Si aspetta una reazione da parte della dirigenza Rai?

Mi auguro che il dibattito e le proteste che sta suscitando il programma della Leosini, servano ad aprire gli occhi alla dirigenza. Mi auguro che venga un attimo fermata. Preciso che non ho niente di personale contro la Leosini. Non la conosco. Dico semplicemente che il suo messaggio reca un forte danno a chi da anni si batte per l'affermazione della libertà delle donne dalla violenza. La visibilità di un programma del genere è tale che potrebbe danneggiarci. È il messaggio che veicola che ferisce. Credo sia importante che la Rai si assuma la responsabilità e stigmatizzi i contenuti del programma.

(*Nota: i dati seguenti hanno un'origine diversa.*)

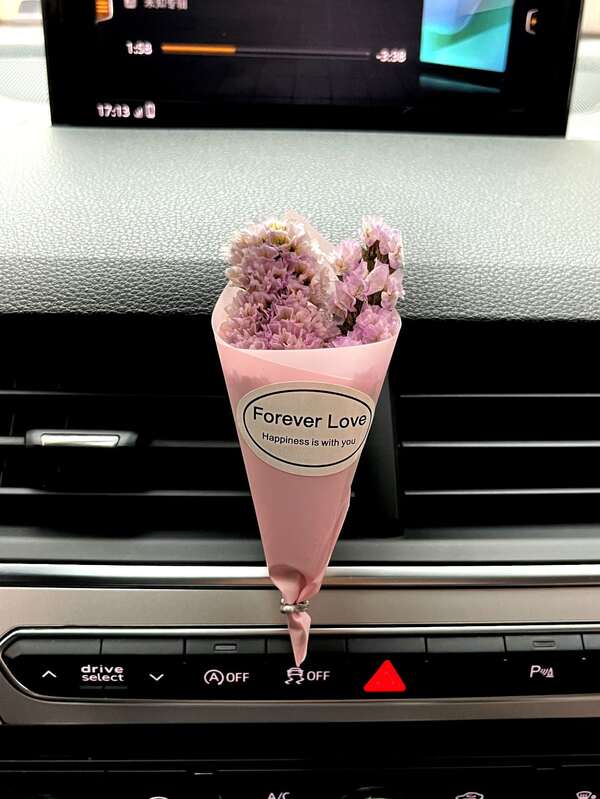 Bouquet Design Car Air Outlet Ornament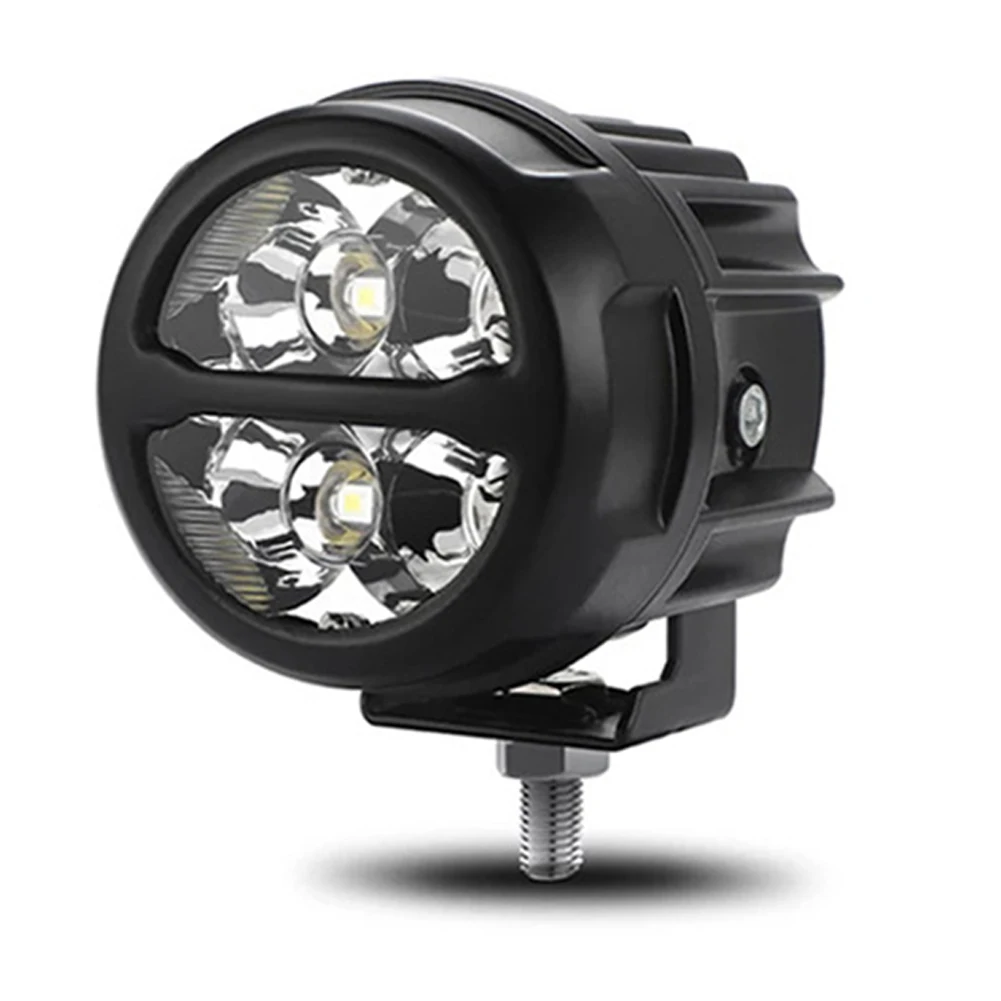 Световая панель рабочий свет автомобиля 1 шт. 2-контактный 3-дюймовый круглый 4000LM 40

Antonella Veltri, presidente D.I.RE
Antonella Veltri, presidente D.I.RE

Tornando alla violenza sulle donne, qual è il primo campanello d'allarme a cui si dovrebbe prestare attenzione?

Esiste un ciclo della violenza. Si parte dal mancato rispetto della dignità e volontà della donna, aspetti a cui non diamo molto peso. Un ricatto economico, il controllo dello smartphone, l'eccessiva presenza e pressione sulla vita della donna indipendente dalla relazione. Quando questo controllo diventa più esasperato, siamo alle prime manifestazioni di violenza che possono essere verbali. Poi i primi maltrattamenti, strattonamenti, si alzano le mani. E via, via una escalation. In Italia ci sono 150 femminicidi all'anno, un numero stabile che non accenna a diminuire. Il 78% delle donne assassinate erano tra le mura domestiche e il 28% aveva già denunciato.

Sonia Bracciale è stata condannata come mandante dell'omicidio dell'ex marito. Più in generale, quando una donna vittima di violenza diventa in qualche modo carnefice, perde il diritto alla compassione?

La compassione può attraversarci a prescindere dall'episodio. Non mi sento di risponderle con un'affermazione, né con una negazione. Certamente credo che questa donna abbia subito molto. Questo non legittima un omicidio. Andava fermato prima questo percorso malsano, le cui radici si trovano in fenomeni di sopraffazione dell'uomo sulla donna.